• What you should do:
Where the line containing "There's some good" appears below, start there and repeat each line exactly to the end. Leave the pictures out.

• Given material:
┌────────
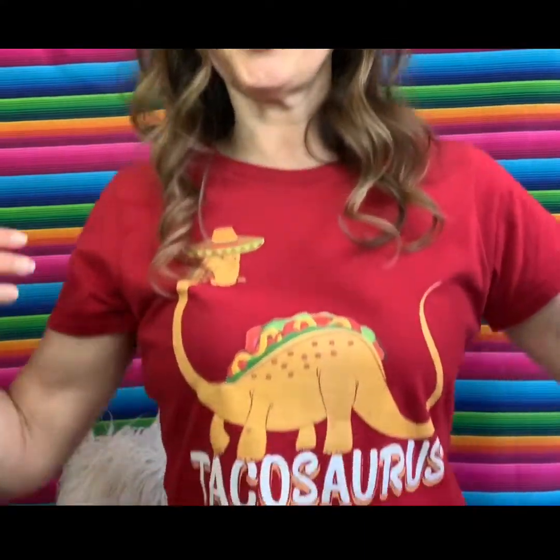Hola, I'm Shannon Anderson. I'm a children's book author and teacher. And today I'm going to be giving you another Spanish lesson. Today's lesson is on food, so I wore my Tacosaurus shirt. We're going to be talking about all different kinds of foods.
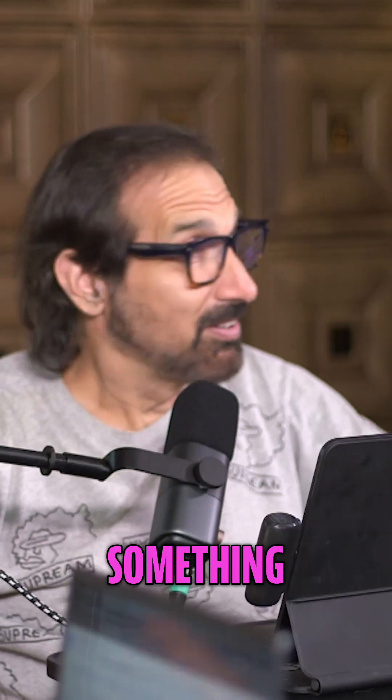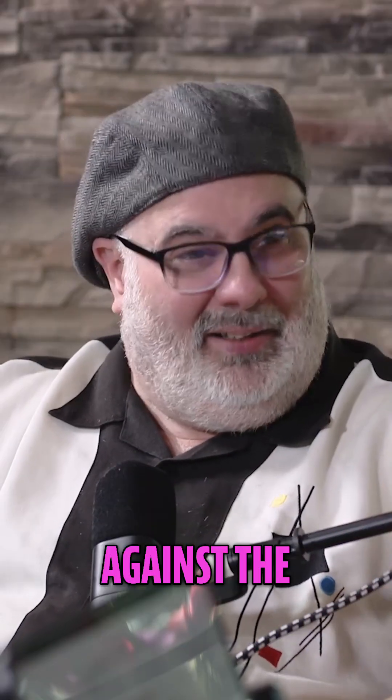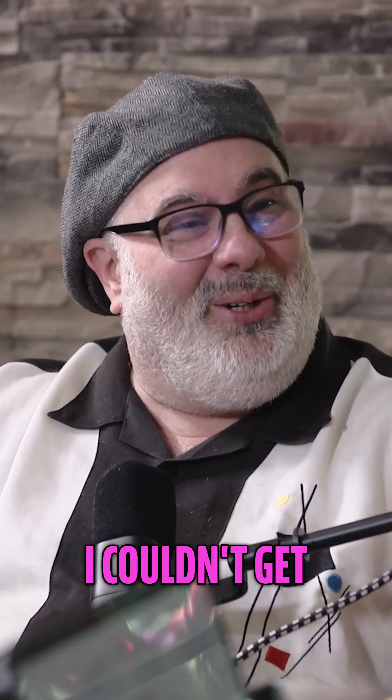There's some good information from Ross right here — from someone who beat his head against the wall and was so frustrated that he couldn't get the Atmos sound out of his streaming shows.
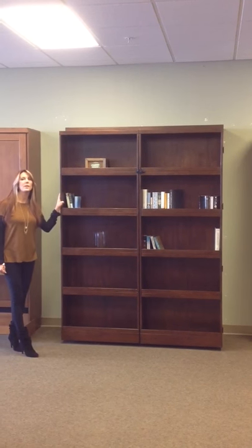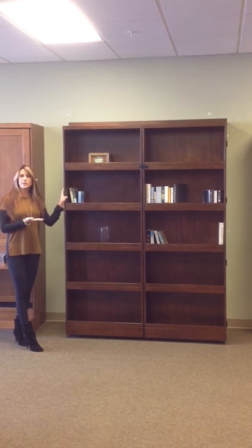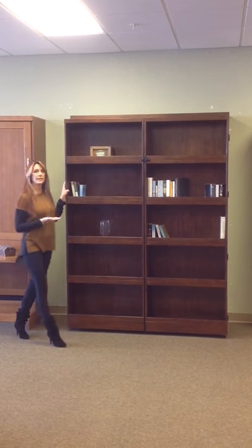Hi, I'm Shelley Renee with Wall Beds and More. Welcome to the Mountain View showroom. Today I want to share with you one of our new in-stock programs. It's called the bookcase bed.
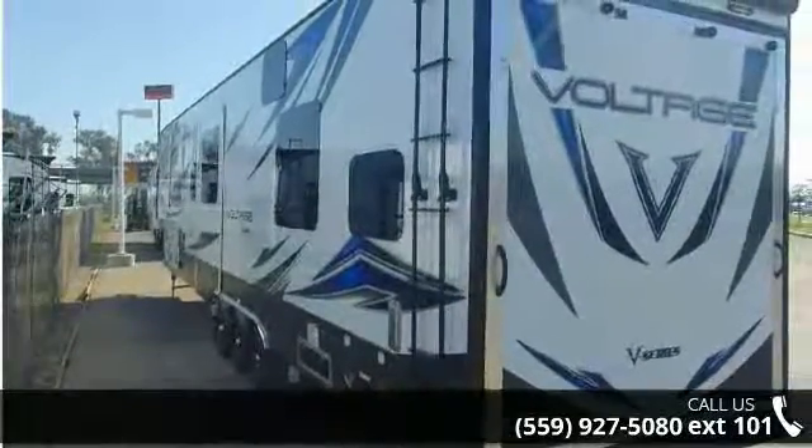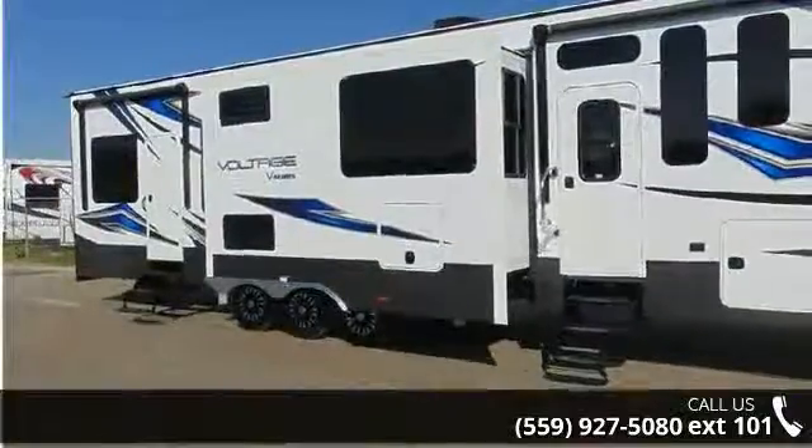Let us put you in the right RV for your needs. Call the dealer now for more information.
└────────
• Result of the exercise:
There's some good information from Ross right here — from someone who beat his head against the wall and was so frustrated that he couldn't get the Atmos sound out of his streaming shows.
Hi, I'm Shelley Renee with Wall Beds and More. Welcome to the Mountain View showroom. Today I want to share with you one of our new in-stock programs. It's called the bookcase bed.
Let us put you in the right RV for your needs. Call the dealer now for more information.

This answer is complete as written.